The Residual Securities are not offered to, and may not be transferred to, a Plan Investor.
LEGAL INVESTMENT CONSIDERATIONS
Institutions whose investment activities are subject to legal investment laws and regula-
tions or to review by certain regulatory authorities may be subject to restrictions on investment
in the Securities. No representation is made about the proper characterization of any
Class for legal investment or other purposes, or about the permissibility of the
purchase by particular investors of any Class under applicable legal investment
restrictions.
Investors should consult their own legal advisors regarding applicable investment
restrictions and the effect of any restrictions on the liquidity of the Securities prior to
investing in the Securities.
See "Legal Investment Considerations" in the Base Offering Circular.
PLAN OF DISTRIBUTION
Subject to the terms and conditions of the Sponsor Agreement, the Sponsor has agreed to
purchase all of the Securities if any are sold and purchased. The Sponsor proposes to offer each
Class to the public from time to time for sale in negotiated transactions at varying prices to be
determined at the time of sale, plus accrued interest, if any, from (1) November 1, 2007 on the
Fixed Rate and Delay Classes, (2) November 20, 2007 on the Group 1, 2, 3, 4, 5 and 6 Floating
Rate and Inverse Floating Rate Classes (other than Delay Classes) and (3) November 16, 2007
on the Group 7 Floating Rate and Inverse Floating Rate Classes. The Sponsor may effect these
transactions by sales to or through certain securities dealers. These dealers may receive
compensation in the form of discounts, concessions or commissions from the Sponsor and/or
commissions from any purchasers for which they act as agents. Some of the Securities may be
sold through dealers in relatively small sales. In the usual case, the commission charged on a
relatively small sale of securities will be a higher percentage of the sales price than that charged
on a large sale of securities.
INCREASE IN SIZE
Before the Closing Date, Ginnie Mae, the Trustee and the Sponsor may agree to increase
the size of this offering. In that event, the Securities will have the same characteristics as
described in this Supplement, except that (1) the Original Class Principal Balance (or original
Class Notional Balance) and (2) the Scheduled Principal Balances and Aggregate Scheduled
Principal Balances of each Class receiving principal distributions or interest distributions based
upon a notional balance from the same Trust Asset Group will increase by the same proportion.

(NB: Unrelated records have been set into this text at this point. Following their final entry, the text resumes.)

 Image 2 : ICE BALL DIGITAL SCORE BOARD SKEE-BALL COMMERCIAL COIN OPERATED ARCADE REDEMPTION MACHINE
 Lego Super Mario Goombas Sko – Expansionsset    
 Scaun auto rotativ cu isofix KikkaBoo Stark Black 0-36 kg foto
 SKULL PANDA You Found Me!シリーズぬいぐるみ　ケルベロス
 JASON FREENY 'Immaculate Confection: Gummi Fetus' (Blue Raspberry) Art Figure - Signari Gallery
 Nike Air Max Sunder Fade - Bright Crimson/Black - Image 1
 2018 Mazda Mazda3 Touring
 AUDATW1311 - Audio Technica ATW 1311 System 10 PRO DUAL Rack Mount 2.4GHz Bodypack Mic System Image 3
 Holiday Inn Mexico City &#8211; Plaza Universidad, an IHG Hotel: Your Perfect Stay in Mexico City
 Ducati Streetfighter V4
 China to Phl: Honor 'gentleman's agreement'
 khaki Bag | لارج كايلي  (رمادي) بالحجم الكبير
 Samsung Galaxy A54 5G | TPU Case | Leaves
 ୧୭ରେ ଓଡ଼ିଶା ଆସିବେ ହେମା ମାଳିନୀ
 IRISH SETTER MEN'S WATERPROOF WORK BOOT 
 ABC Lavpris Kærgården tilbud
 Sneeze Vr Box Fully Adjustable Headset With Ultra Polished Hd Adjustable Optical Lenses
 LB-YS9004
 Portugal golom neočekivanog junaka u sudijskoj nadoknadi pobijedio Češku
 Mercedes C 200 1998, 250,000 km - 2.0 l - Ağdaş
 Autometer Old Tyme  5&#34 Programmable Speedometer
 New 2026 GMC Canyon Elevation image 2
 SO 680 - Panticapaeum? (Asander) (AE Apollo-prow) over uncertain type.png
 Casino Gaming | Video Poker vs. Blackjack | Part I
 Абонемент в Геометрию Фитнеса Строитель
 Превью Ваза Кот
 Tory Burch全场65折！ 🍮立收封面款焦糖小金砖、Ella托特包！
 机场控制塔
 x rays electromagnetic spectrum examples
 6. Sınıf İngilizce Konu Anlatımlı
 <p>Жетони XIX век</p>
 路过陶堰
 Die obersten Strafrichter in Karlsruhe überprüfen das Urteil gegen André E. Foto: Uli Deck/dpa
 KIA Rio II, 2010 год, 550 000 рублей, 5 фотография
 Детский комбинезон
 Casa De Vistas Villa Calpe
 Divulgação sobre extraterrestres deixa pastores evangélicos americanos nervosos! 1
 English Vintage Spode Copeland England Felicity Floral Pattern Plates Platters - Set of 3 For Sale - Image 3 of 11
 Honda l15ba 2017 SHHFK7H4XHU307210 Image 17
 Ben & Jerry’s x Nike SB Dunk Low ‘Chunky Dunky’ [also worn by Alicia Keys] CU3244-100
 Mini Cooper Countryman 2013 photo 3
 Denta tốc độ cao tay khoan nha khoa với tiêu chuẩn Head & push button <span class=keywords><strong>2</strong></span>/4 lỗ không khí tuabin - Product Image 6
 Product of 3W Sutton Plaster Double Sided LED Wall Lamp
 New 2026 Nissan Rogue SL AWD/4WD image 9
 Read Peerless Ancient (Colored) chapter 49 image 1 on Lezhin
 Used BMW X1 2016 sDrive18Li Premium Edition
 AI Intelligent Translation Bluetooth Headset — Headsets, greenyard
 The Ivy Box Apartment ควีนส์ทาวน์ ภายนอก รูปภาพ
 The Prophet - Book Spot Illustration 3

The Trust Agreement, the Final Data Statement, the Final Schedules and the Supplemental
Statement, if any, will reflect any increase in the size of the transaction.
LEGAL MATTERS
Certain legal matters will be passed upon for Ginnie Mae by Thacher Proffitt & Wood LLP,
and the Law Offices of Joseph C. Reid, P.A. for the Trust by Milbank, Tweed, Hadley & McCloy
LLP, and for the Trustee by Seward & Kissel LLP.